During the early stages of her career, Fox would continue to cast Linda as the sweet, demure girl-next-door in films such as Stardust, The Mark of Zorro and Blood and Sand.  Indeed, she was very convincing as the "suffering wife" and "forever faithful girlfriend," which won her a huge fan base.  Linda had quickly become the talk of Hollywood, her popularity never more evident then by the number of magazine covers she graced.   Nature was also beginning to take it's course on the sweet little girl from Texas who was now blossoming into an alluring woman.  The now considered "sexy" Linda Darnell had rapidly gained another logistical fanbase, that of GI males, becoming a pin-up favorite of the soldiers deployed overseas during World War II.
 
Despite her early film success and fan popularity, Linda begin to fear her career was growing stagnate.  She anxiously wanted to break away from her "good girl" image and instead, play a character with some "bite," a girl with a little "dirt behind the ears."  Fox gave her that chance in 1944, casting her against type in the film Summer Storm.  Linda was given the part of Olga, an ambitious, money driven peasant girl, whose greed leads to tragedy and eventually death.   The film did well at the box office and Linda received encouraging critical praise.  She had made the transistion from nice girl to "bad girl," and her screen metamorphosis did little to curb her rabid fan base.  Linda had re-invented herself, which prompted Fox to cast her as the "femme fatale" in her next several films.

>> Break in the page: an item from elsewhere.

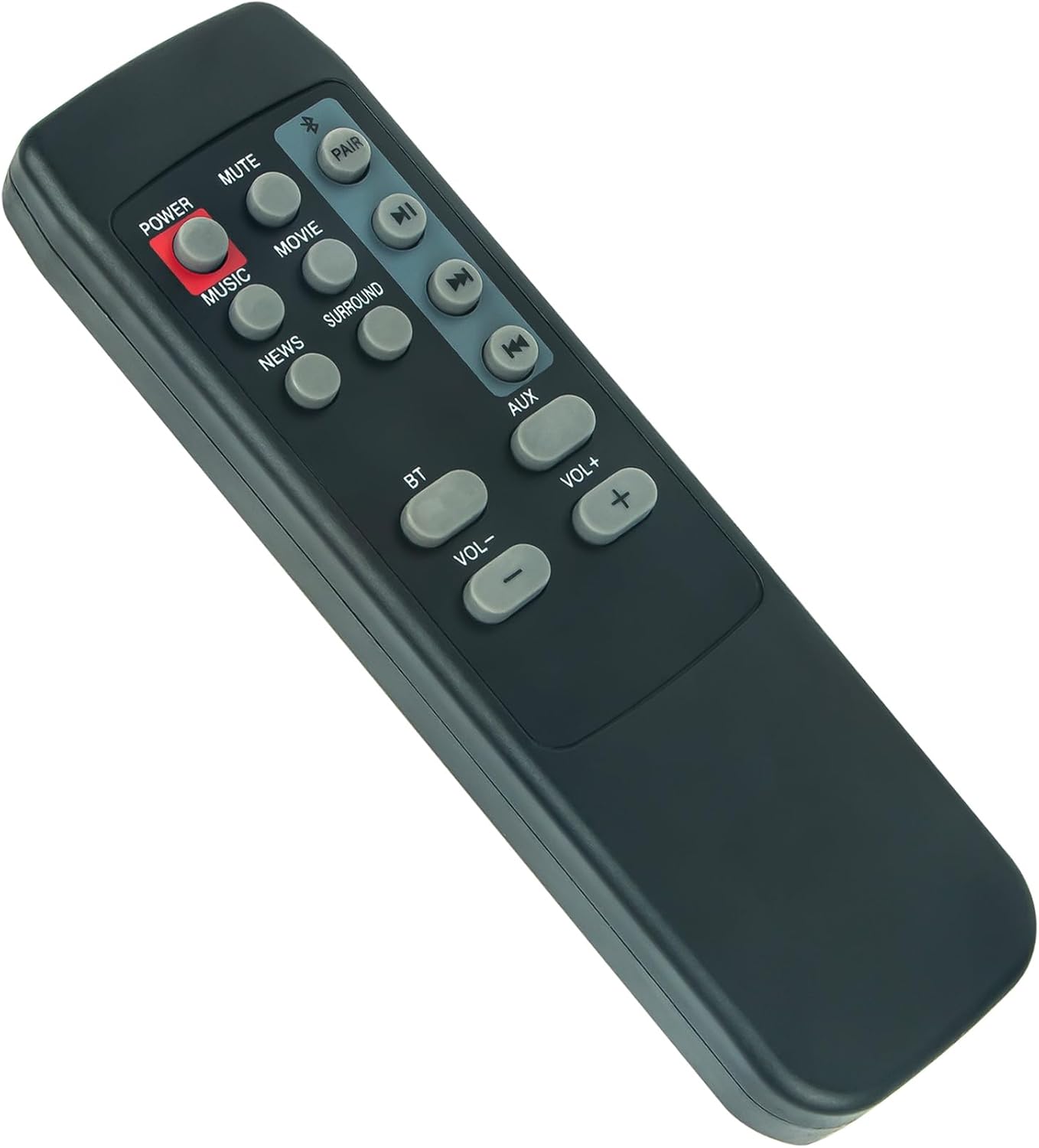 ECONTROLLY NK1B Replacement Remote Control, angled view showing back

Monetta Eloyse was one of four children born to Roy and Pearl Darnell in Dallas, Texas.  Her beauty was evident even as a child, something her mother was very quick to pick up on.  To say Pearl Darnell was the prototypical "Hollywood mom" would be an understatement.  Pearl saw in Monetta, the vessel in which she could realize her own failed dreams of stardom.  She entered Monetta into beauty contests, placed her in local stage shows and hired out her pretty face for modeling gigs.  In 1939, the winds of fate blew into Dallas Texas in the form of a national talent search by 20th Century Fox Studios.  The break Pearl and Monetta had hoped for had arrived.   Fox talent scouts quickly recognized that "certain something" in the young Texas beauty, and signed sixteen-year old Monetta to a studio contract.  With her mom in tow, Monetta was whisked off to Hollywood to be transformed into a star.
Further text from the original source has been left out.